* **Directions**
A single number is the expected answer: the count of lines in the listing that hold the word "Building".

* **Records for processing**
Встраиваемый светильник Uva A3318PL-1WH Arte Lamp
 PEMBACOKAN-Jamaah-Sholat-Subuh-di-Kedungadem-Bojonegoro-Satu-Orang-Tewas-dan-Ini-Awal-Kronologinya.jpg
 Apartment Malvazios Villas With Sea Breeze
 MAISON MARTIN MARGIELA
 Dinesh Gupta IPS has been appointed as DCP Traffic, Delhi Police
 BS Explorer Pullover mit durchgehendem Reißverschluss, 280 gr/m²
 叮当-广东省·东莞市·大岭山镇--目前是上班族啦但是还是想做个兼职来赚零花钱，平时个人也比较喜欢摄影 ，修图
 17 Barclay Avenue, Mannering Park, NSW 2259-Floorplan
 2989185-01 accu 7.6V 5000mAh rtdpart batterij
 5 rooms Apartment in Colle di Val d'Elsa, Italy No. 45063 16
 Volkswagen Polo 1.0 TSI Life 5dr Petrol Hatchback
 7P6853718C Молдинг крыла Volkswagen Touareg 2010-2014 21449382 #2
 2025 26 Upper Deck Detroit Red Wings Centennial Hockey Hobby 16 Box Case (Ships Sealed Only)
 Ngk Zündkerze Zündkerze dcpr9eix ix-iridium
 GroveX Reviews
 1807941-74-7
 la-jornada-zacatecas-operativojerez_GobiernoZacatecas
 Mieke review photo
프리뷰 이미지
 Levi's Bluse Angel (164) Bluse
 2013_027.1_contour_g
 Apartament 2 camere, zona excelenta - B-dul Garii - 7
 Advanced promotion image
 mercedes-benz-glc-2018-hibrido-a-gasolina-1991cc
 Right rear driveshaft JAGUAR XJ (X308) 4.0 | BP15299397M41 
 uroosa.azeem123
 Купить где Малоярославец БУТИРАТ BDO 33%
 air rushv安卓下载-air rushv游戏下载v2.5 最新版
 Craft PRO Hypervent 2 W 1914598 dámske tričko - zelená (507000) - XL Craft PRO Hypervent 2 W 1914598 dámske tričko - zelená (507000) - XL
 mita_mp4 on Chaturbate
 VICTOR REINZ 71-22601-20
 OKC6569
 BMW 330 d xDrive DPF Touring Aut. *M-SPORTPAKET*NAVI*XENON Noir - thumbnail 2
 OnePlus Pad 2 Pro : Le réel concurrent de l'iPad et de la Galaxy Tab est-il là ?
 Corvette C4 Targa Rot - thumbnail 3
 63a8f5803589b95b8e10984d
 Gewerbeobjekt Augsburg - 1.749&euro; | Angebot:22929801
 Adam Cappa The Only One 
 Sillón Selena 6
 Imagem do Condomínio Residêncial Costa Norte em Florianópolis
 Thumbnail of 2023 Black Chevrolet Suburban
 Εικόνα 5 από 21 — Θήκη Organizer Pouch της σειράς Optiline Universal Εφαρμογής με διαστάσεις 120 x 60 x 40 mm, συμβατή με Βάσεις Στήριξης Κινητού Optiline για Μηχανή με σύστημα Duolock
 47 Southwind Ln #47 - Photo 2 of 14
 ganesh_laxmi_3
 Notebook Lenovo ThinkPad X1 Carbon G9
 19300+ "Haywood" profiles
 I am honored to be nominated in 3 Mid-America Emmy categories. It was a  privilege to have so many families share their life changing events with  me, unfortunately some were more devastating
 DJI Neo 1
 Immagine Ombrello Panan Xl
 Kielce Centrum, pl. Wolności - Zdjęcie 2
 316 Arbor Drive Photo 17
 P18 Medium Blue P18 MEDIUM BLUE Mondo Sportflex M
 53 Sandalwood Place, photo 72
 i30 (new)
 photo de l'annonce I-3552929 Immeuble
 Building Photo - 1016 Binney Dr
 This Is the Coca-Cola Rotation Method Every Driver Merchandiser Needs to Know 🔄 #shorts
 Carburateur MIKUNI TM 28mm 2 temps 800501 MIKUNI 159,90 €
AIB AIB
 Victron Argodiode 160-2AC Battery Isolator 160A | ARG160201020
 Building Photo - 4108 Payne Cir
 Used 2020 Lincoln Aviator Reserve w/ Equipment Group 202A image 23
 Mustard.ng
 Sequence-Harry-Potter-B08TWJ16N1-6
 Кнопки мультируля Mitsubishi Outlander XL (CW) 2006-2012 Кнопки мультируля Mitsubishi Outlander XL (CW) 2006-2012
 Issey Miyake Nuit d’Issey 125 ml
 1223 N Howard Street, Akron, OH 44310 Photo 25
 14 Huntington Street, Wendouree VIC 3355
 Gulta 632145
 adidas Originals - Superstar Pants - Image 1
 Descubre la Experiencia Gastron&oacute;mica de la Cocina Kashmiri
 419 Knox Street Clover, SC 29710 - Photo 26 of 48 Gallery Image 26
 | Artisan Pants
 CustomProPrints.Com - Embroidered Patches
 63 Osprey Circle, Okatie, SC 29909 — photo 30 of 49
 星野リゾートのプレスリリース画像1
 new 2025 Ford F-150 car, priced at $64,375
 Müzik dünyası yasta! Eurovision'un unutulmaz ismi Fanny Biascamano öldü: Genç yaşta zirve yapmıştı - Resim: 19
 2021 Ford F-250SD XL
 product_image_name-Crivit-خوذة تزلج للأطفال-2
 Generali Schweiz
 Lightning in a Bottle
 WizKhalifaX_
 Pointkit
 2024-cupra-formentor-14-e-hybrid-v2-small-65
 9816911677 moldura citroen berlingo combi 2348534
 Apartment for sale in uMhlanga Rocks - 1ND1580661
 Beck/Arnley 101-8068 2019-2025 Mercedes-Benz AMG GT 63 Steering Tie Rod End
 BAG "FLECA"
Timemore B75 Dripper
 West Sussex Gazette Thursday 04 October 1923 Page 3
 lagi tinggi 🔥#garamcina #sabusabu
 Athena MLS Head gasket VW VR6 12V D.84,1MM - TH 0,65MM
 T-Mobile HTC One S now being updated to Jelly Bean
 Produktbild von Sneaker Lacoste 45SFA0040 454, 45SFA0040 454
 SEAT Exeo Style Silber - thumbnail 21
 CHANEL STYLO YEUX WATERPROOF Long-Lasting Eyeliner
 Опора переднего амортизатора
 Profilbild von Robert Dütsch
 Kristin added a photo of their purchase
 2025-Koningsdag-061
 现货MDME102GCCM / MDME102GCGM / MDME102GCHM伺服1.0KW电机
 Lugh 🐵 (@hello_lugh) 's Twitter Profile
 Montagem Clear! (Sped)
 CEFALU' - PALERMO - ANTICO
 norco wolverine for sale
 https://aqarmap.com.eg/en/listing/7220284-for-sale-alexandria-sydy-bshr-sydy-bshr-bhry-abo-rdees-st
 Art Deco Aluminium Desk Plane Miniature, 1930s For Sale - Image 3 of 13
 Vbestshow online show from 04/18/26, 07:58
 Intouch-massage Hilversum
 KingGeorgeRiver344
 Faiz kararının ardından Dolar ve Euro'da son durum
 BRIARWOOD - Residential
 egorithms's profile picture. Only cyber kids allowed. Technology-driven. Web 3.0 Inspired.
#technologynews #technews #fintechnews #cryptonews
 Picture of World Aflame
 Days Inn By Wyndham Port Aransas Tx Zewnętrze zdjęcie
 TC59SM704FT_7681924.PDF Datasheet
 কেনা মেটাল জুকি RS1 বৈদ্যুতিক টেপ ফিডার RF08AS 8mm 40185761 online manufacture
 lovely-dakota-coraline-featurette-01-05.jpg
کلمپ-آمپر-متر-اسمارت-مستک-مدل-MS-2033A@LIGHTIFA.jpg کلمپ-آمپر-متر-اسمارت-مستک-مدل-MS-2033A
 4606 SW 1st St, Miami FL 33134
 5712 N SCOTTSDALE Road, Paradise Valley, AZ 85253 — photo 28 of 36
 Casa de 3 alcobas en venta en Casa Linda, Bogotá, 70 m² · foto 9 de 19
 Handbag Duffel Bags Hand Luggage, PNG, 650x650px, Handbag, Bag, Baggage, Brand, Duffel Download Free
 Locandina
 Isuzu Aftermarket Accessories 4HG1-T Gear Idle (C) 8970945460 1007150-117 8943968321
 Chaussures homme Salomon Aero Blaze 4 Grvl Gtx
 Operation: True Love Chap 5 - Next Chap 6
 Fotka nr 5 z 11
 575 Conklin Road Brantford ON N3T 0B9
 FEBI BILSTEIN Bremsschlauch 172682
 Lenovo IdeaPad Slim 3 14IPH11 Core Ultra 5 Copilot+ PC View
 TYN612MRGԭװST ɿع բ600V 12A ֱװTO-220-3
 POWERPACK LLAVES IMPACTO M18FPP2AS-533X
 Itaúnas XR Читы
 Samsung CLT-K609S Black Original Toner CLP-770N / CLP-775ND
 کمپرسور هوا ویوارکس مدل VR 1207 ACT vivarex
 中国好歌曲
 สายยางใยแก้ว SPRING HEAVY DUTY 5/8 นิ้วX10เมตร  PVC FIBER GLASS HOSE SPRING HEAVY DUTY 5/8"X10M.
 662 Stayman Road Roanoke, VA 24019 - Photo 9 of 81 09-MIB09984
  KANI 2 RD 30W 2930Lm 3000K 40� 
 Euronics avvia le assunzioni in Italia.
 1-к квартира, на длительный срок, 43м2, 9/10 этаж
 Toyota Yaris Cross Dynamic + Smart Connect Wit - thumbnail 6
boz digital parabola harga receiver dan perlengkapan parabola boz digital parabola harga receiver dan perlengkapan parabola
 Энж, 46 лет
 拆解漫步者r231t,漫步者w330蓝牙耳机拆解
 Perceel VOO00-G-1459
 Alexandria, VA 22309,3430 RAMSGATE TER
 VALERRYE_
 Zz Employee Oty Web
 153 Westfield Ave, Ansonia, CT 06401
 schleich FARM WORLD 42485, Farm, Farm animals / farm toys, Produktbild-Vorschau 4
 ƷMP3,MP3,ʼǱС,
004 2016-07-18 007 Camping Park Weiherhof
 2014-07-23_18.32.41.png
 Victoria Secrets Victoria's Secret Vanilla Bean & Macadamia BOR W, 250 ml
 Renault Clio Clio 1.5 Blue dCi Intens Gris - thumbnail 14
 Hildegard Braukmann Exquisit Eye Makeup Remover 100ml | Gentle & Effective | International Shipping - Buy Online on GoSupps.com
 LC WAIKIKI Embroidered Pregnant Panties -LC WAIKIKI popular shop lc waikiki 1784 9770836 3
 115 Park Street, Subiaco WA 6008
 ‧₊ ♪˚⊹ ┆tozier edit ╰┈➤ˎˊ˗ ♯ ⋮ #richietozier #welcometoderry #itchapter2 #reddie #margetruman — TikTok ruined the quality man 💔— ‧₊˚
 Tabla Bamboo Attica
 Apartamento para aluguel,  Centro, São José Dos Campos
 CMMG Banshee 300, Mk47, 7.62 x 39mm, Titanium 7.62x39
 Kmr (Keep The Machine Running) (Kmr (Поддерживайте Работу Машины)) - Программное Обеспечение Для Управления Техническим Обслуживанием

* **Response to the task**
2